## [INSTRUCTIONS FOR THE TASK]
Exclude the pictures, then repeat exactly each line from the one containing "Leipziger Literaturzeitung Freitag" to the final line of the records that follow.
*** Begin section ***
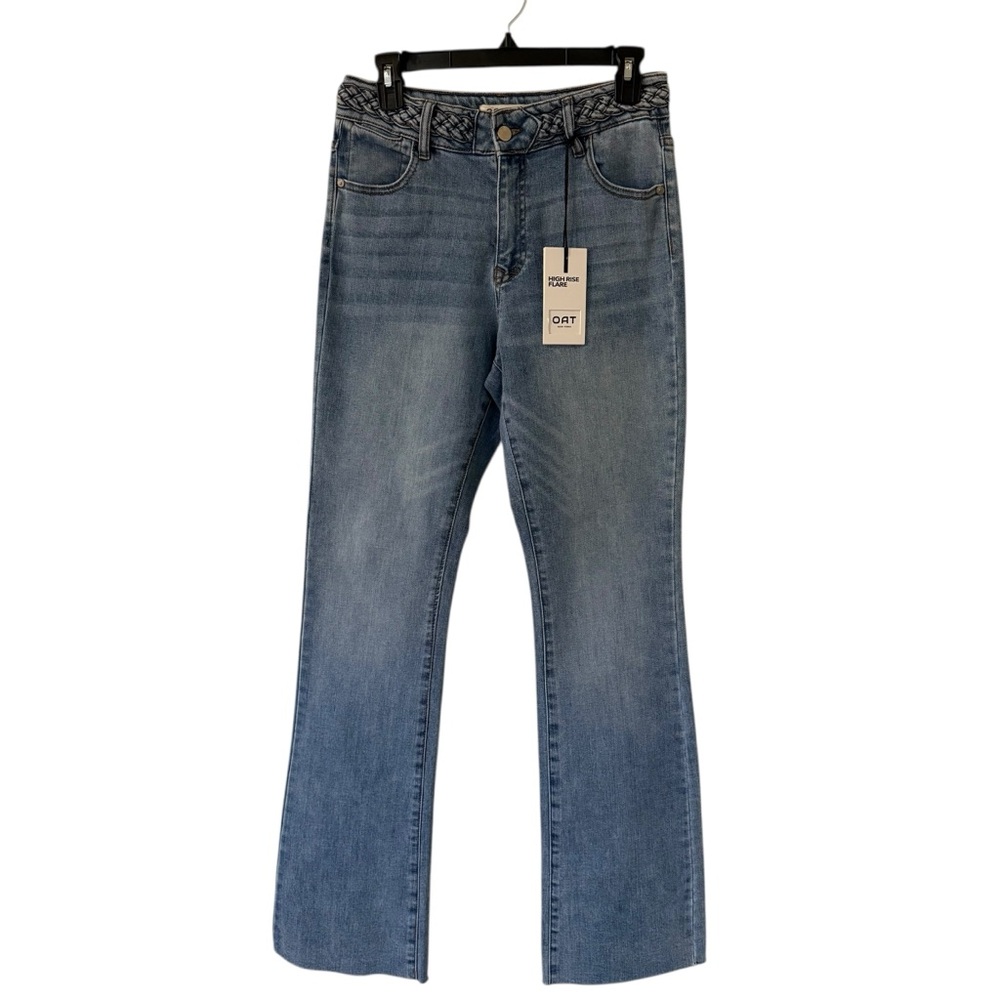 NWT Women's OAT New York Light Wash High Rise Flare Denim Jeans Size 2/26 - Picture 2 of 7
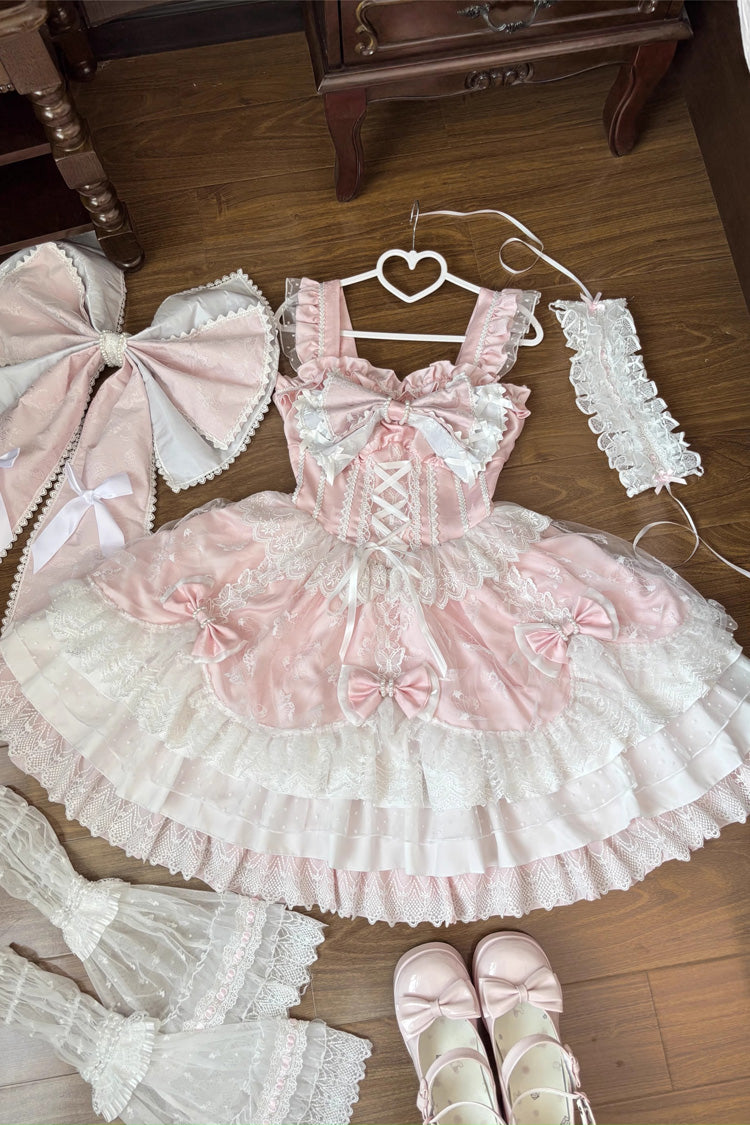 Blush Pink Sleeveless Triple-Layer Ruffle Bow Pearl Lace-Up Sweet Plus JSK Dress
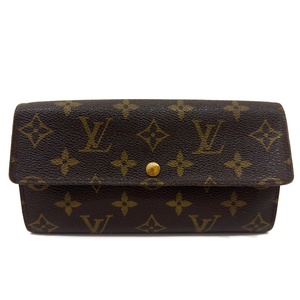 中古 ルイヴィトン 長財布 モノグラム ポシェット ポルト モネ クレディ ブラウン レディース LOUIS VUITTON 【送料無料】【名谷店】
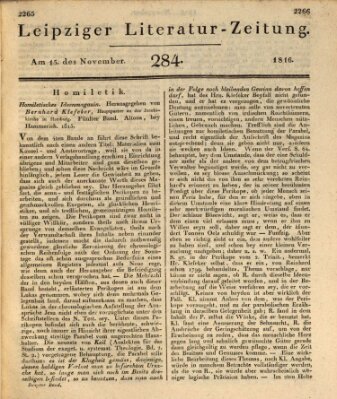 Leipziger Literaturzeitung Freitag 15. November 1816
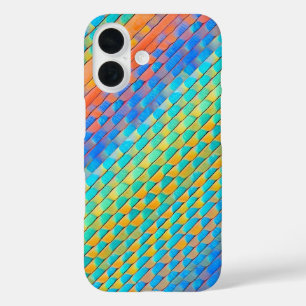 Farbenfrohe Abstrakte, digitale Muster iPhone 16 Hülle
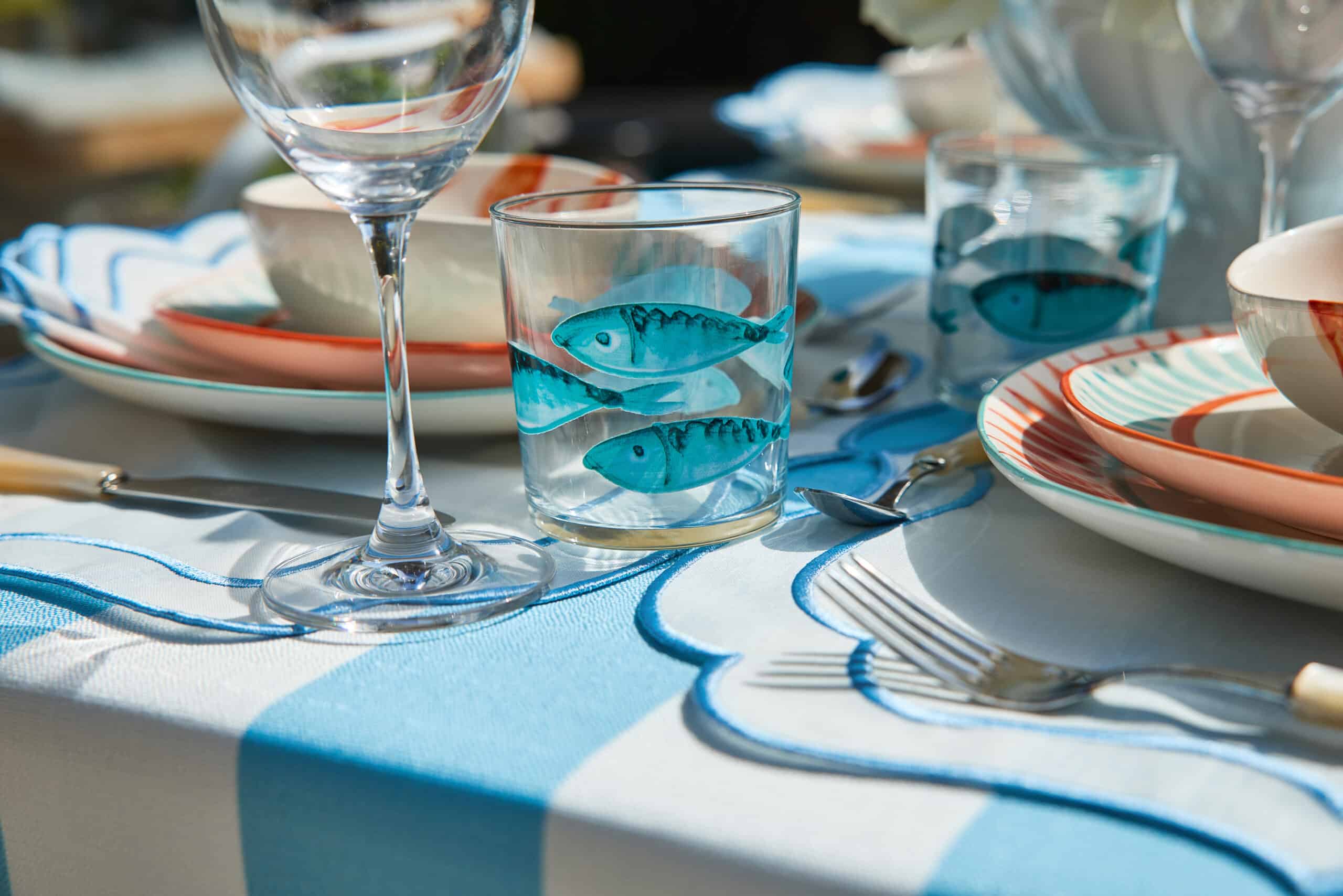 מפת שולחן בהיר כחול Stripe - פיית השולחן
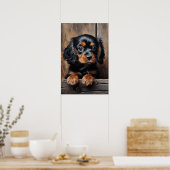 Zwarte en bruine Cavalier puppy Poster (Keuken)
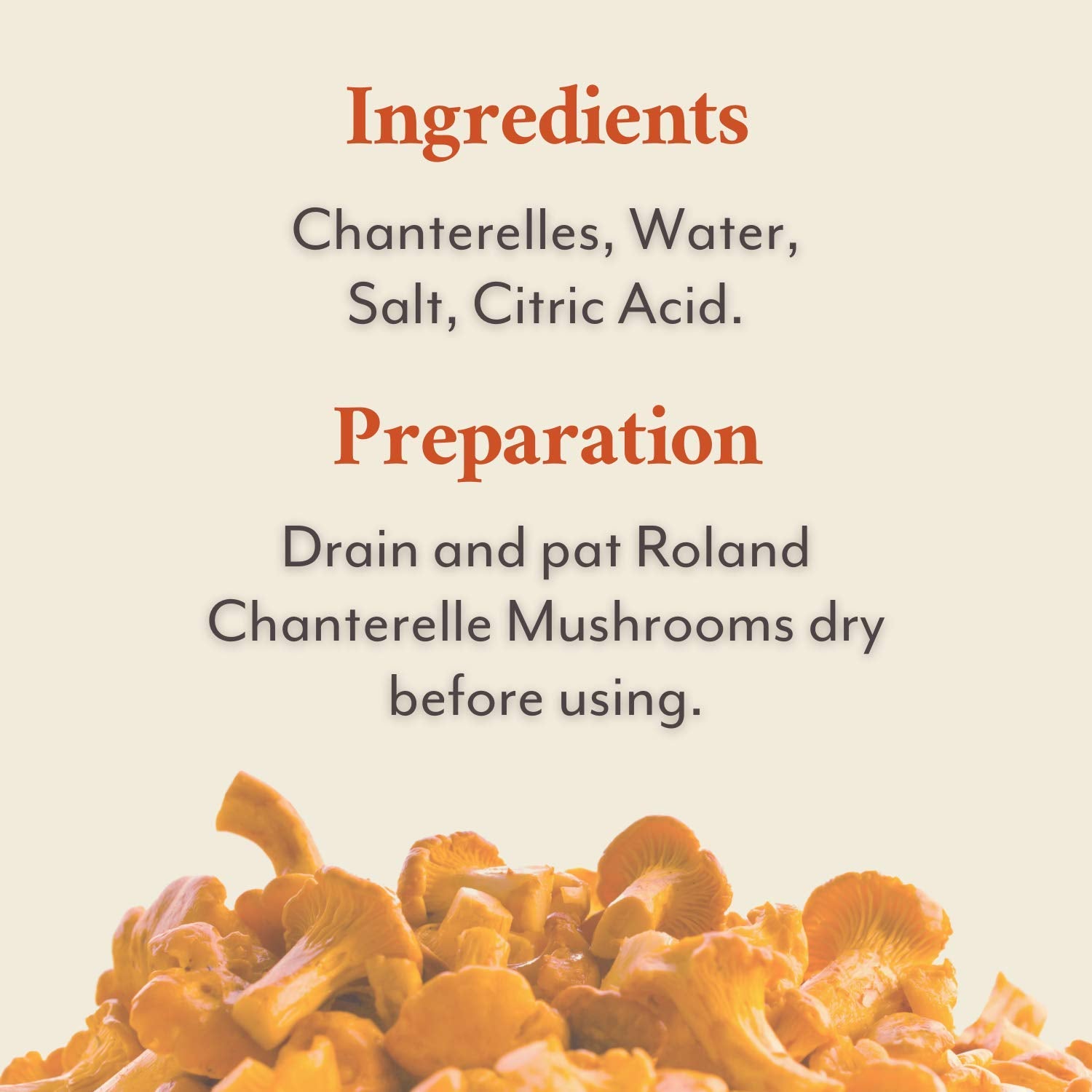 Roland Foods Canned Chanterelle Mushrooms, Specialty Canned Food, 7.9-Ounce Can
*** End section ***
## [RESULT FOR THIS TASK]
 Leipziger Literaturzeitung Freitag 15. November 1816
 Farbenfrohe Abstrakte, digitale Muster iPhone 16 Hülle
 מפת שולחן בהיר כחול Stripe - פיית השולחן
 Zwarte en bruine Cavalier puppy Poster (Keuken)
 Roland Foods Canned Chanterelle Mushrooms, Specialty Canned Food, 7.9-Ounce Can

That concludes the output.